Trade unions in Second Life – what’s the point?

Second Life is a virtual reality world accessed through the Internet. Participants create ‘avatars’ – online figures that can interact with other characters – and enter a world that in some ways mirrors real life: there are shops and businesses, and it is possible to buy real estate, clothes for your avatar, or a number of other products. You can also hold meetings or events in Second Life in real time, with your avatar interacting with others. The environment is much like that of a computer game.

Second Life reached the attention of trade unionists when the global union federation UNI staged a protest against IBM in Second Life in September 2007. Two thousand avatars took part in a demonstration outside IBM headquarters in Second Life, wearing union T-shirts and carrying (virtual) placards.

There was union wider activity on Second Life in the form of Union Island, where the TUC, Unison and several other organisations had a presence. This did have a purpose: Second Life is increasingly used as a workplace for telecommuters, so a union presence was useful to deal with issues specific to workers here. However, in January 2010 the decision was taken to close Union Island due to it not being used sufficiently.

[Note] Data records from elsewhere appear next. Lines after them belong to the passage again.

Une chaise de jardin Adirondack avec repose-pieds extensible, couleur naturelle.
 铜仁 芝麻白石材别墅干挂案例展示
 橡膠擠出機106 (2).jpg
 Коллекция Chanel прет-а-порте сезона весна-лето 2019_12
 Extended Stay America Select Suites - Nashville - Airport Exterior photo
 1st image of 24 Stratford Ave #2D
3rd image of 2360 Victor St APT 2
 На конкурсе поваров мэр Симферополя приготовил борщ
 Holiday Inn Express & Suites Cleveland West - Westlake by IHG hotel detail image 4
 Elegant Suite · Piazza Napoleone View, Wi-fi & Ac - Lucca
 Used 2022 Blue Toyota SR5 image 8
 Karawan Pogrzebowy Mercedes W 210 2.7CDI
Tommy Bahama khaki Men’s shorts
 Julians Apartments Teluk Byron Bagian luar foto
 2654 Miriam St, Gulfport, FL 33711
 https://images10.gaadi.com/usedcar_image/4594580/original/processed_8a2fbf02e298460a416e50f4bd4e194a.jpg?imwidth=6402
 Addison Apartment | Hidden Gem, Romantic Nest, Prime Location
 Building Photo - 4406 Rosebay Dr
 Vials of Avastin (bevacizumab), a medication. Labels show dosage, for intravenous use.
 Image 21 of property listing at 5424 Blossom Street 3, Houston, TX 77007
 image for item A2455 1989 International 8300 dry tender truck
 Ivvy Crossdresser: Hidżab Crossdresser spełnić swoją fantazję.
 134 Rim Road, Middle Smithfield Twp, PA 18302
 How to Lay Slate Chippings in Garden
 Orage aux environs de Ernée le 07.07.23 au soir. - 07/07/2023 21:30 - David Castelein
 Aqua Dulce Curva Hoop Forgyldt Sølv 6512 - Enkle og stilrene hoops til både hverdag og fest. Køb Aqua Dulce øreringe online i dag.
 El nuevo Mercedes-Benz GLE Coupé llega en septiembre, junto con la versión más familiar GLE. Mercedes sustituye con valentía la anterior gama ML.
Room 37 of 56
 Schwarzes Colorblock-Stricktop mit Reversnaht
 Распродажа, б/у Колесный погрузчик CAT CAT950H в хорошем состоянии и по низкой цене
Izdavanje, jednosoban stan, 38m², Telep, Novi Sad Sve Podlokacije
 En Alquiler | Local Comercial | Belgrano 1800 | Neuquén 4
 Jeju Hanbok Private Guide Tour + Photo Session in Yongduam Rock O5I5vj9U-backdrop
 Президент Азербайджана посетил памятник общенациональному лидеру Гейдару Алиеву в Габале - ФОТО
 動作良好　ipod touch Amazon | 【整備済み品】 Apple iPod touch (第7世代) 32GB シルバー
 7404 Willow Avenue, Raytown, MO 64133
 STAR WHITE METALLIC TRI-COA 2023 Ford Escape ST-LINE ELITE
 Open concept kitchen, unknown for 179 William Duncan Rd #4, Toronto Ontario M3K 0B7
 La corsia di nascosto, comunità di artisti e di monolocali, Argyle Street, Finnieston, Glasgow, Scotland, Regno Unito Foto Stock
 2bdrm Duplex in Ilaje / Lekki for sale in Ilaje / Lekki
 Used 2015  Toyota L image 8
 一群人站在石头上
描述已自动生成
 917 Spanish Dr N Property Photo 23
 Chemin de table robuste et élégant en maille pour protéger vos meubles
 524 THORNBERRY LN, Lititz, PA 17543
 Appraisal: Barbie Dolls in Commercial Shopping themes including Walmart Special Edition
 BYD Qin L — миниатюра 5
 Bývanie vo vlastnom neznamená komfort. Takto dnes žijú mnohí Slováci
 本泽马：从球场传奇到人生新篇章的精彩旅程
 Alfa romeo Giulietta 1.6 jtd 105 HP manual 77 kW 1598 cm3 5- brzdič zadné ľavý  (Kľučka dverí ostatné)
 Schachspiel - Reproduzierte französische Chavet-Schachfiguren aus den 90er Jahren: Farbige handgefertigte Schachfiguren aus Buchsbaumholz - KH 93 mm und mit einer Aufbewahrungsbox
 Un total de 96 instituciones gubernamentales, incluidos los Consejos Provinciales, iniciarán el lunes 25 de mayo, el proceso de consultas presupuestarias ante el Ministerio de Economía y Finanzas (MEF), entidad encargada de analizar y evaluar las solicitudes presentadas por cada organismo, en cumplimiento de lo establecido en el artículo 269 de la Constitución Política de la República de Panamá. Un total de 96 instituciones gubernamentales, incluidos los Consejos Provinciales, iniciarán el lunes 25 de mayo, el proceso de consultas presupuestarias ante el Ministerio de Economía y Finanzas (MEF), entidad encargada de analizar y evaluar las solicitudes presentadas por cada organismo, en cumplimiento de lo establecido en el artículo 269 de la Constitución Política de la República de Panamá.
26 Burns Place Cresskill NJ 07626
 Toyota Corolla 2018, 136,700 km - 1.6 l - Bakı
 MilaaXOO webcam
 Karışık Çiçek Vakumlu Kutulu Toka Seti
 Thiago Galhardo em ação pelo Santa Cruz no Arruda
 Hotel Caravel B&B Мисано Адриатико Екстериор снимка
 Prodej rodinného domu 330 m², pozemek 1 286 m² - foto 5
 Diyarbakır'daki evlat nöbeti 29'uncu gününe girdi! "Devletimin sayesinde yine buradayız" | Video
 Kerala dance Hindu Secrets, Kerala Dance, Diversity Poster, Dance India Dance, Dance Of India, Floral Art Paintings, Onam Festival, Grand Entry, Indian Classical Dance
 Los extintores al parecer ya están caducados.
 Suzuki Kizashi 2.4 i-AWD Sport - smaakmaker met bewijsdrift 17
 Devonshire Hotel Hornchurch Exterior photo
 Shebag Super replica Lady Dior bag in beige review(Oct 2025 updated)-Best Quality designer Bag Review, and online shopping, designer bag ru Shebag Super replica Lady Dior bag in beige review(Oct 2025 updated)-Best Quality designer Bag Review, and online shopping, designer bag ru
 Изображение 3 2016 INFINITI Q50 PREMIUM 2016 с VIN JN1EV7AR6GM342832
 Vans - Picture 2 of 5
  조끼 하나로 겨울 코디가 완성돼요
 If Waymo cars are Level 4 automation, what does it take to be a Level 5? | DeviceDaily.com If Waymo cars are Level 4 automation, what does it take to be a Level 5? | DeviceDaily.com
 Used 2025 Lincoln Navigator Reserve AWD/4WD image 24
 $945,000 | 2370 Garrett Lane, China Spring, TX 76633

While this is interesting and innovative, it is not relevant to most trade union activists: 70% of respondesnts to my survey felt that a trade union presence in Second Life was “useless”, and only two used it.

My experience of introducing activists to Second Life during training sessions has generally been ridicule, with comments like

“you should get a First Life first!”

I found Second Life time consuming, with high barriers to entry: installing software, learning the environment, a high speed Internet connection and computer with a good graphics card. There was little perceivable benefit for the kind of activism I am involved in.

The concept of Second Life clearly has potential – for instance, for distance learning, or for union conferences – but I believe that it is of little practical use to most trade unionists at the moment. It is also worth noting that Second Life is not a neutral space – it is owned by US Internet company Linden Lab, and therefore has the problems associated with other corporate-controlled places.

So: union communication departments, concentrate on low cost, easy to access technology, like email, text message and social networks. Second Life should not be a priority.

Any one have a positive experience of Second Life?

One thought on “Trade unions in Second Life – what’s the point?”

  1. I agree that SL is useless as a place for Unions to use as a hub. SL Union Island was a great idea, but with limited resources and without people who could be there 24 hours, or at the very least, ensure a once weekly meeting took place, its use fell away after the initial launch events.

    SLLU has managed to over come this… it has members from across the world who forward their cause and ensure meetings regularly (in the past year, these meetings have been mostly under the guise of SL Left Unity Feminist Network) on its parcels inworld. Discussions are inclusive and are open, and usually have some sort of outcome, perhaps around events organised on the platform (SL has a good live music following and literary and poetry events are also organised). These events organised through sllu are designed to highlight issues. In the past, there have been feminist issues, strikes, anti-fascist awareness raising, local issues such as the Greek Riots etc -all successfully highlighted using the platform… or sometimes using the notoriety of the platform itself in order to get newspaper space in sections of newspapers that normally don’t discuss fascism or the G8 (ie the gaming or technology sections).

    Many people with physical disabilities, or social difficulties use SL and these people have been brought into political activity using the platform. Recent activity in SLLU saw awareness raising of the economic situations in countries across europe; the brit elections and the Gaza flotilla murders.

    SL has not the immediacy of Twitter or FB or the other social media, but it does have a use for people wanting to properly discuss issues. It has attributes that other media don’t have… and these have been explored in various articles across the net (do a search for plot tracer sllu sl left unity for some).